→ **Given data**:
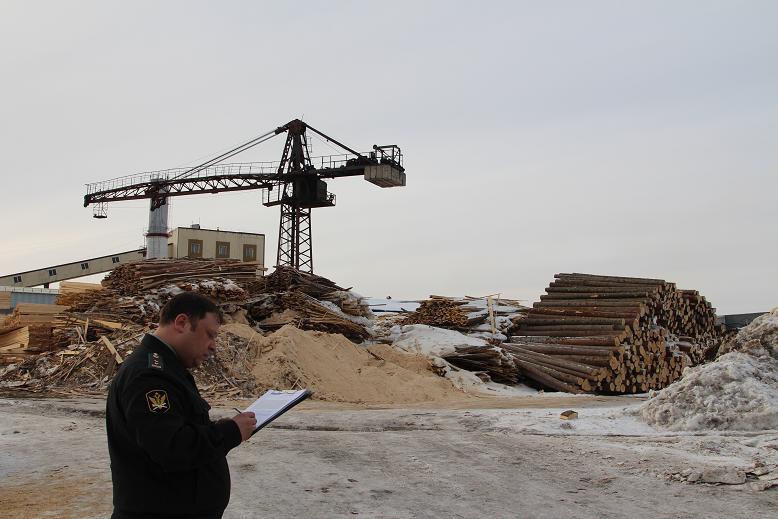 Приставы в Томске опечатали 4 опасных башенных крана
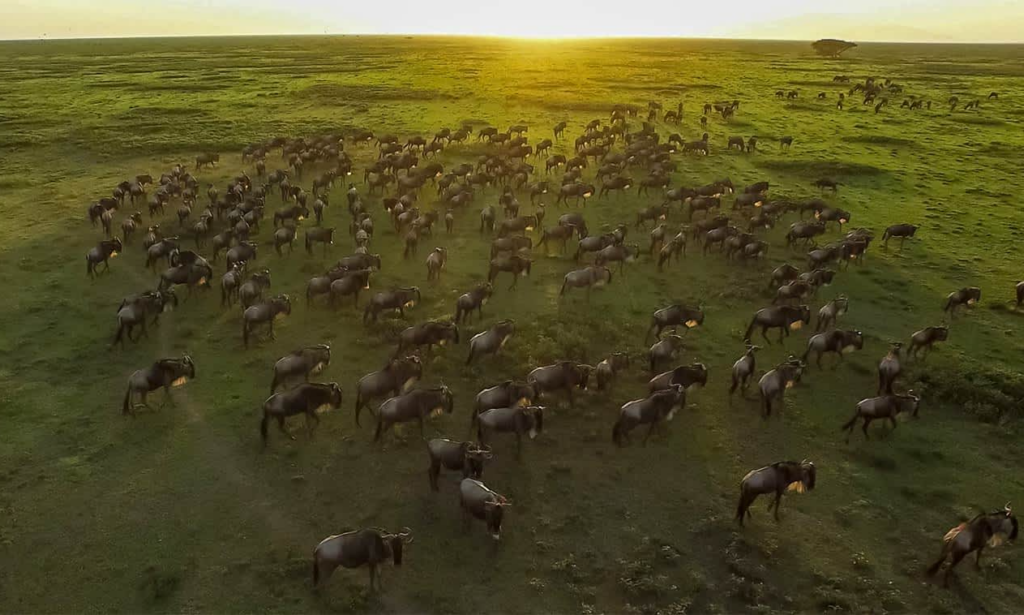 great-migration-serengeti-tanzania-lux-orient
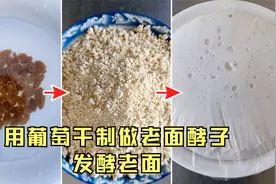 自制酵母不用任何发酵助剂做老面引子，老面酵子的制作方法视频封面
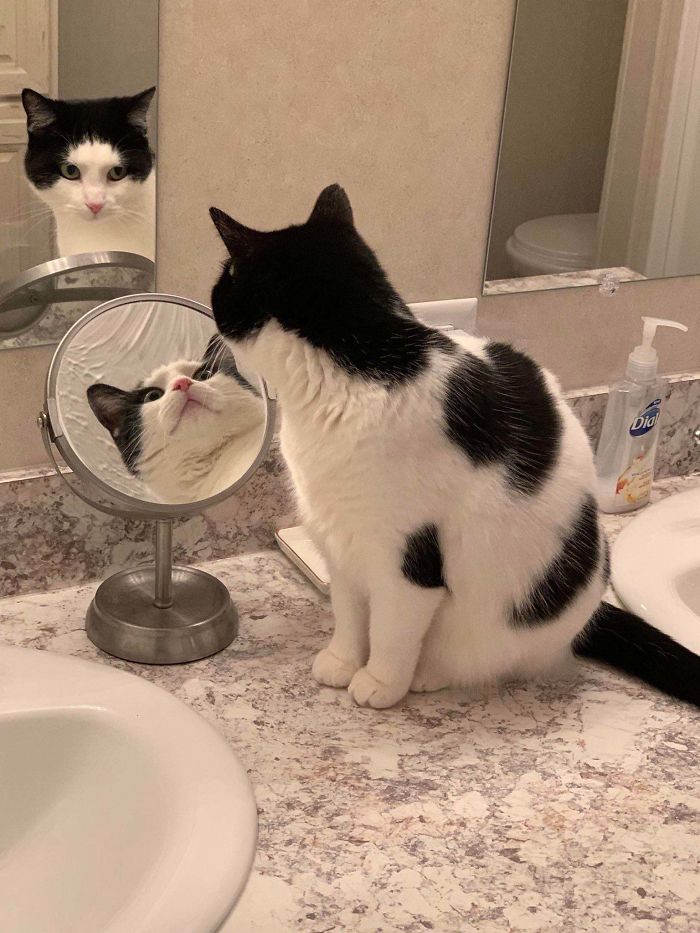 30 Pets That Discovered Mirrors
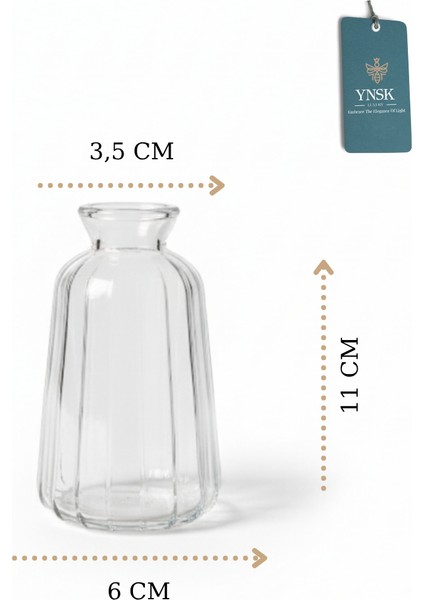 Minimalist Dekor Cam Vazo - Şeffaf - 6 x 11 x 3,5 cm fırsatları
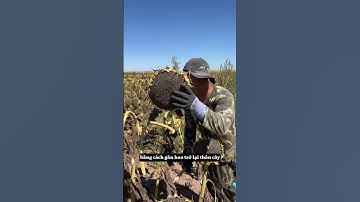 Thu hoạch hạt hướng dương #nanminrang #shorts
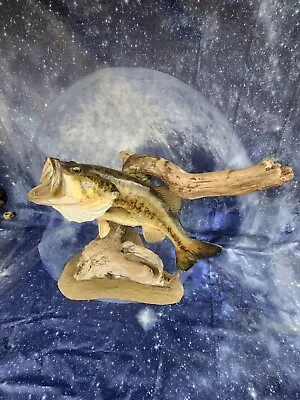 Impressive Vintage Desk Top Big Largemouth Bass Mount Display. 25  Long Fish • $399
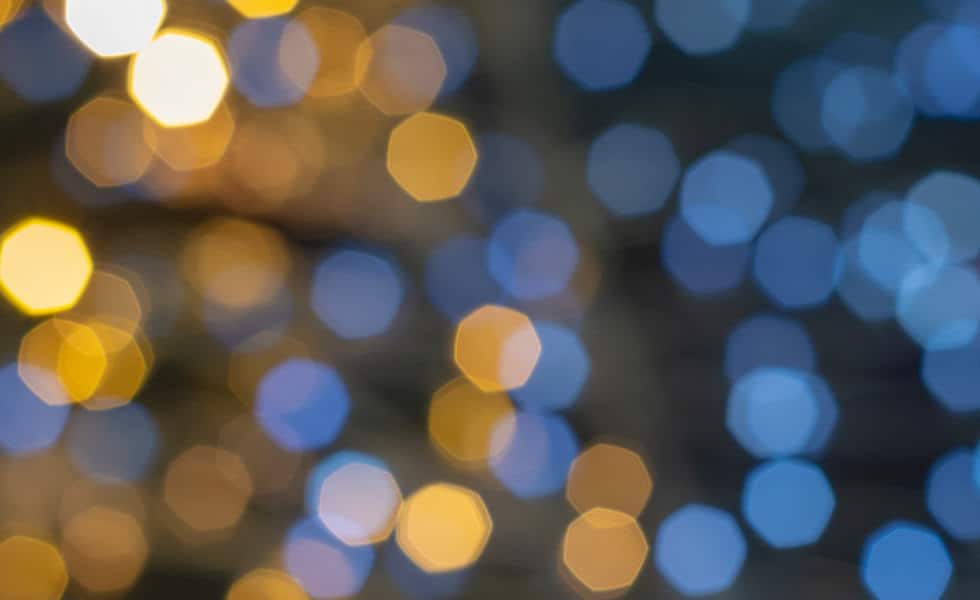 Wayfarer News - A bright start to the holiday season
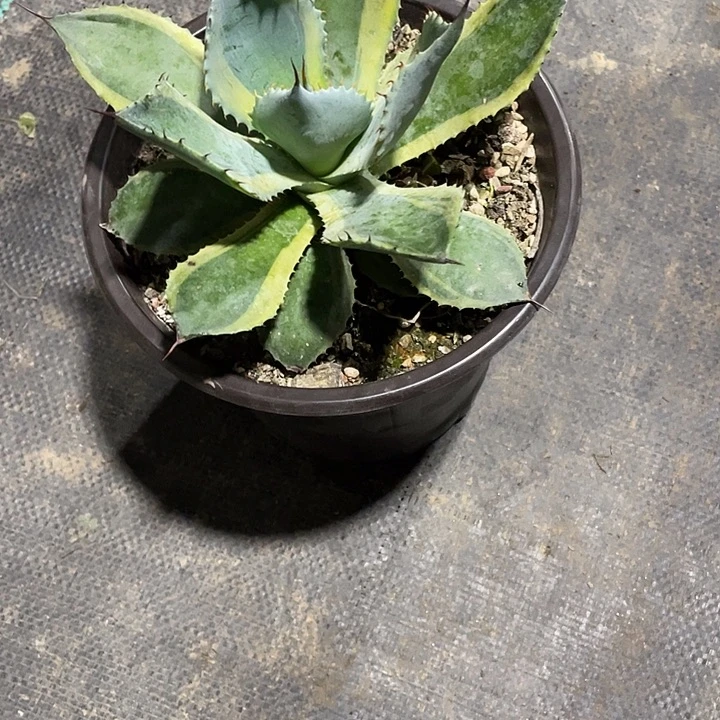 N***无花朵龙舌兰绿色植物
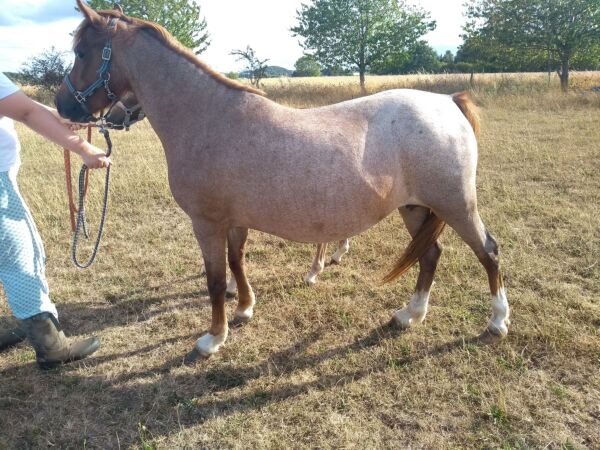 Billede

→ **Exercise details**: With the images excluded, output every record verbatim.

→ **Response below**:
 Приставы в Томске опечатали 4 опасных башенных крана
 great-migration-serengeti-tanzania-lux-orient
 自制酵母不用任何发酵助剂做老面引子，老面酵子的制作方法视频封面
 30 Pets That Discovered Mirrors
 Minimalist Dekor Cam Vazo - Şeffaf - 6 x 11 x 3,5 cm fırsatları
 Thu hoạch hạt hướng dương #nanminrang #shorts
 Impressive Vintage Desk Top Big Largemouth Bass Mount Display. 25  Long Fish • $399
 Wayfarer News - A bright start to the holiday season
 N***无花朵龙舌兰绿色植物
 Billede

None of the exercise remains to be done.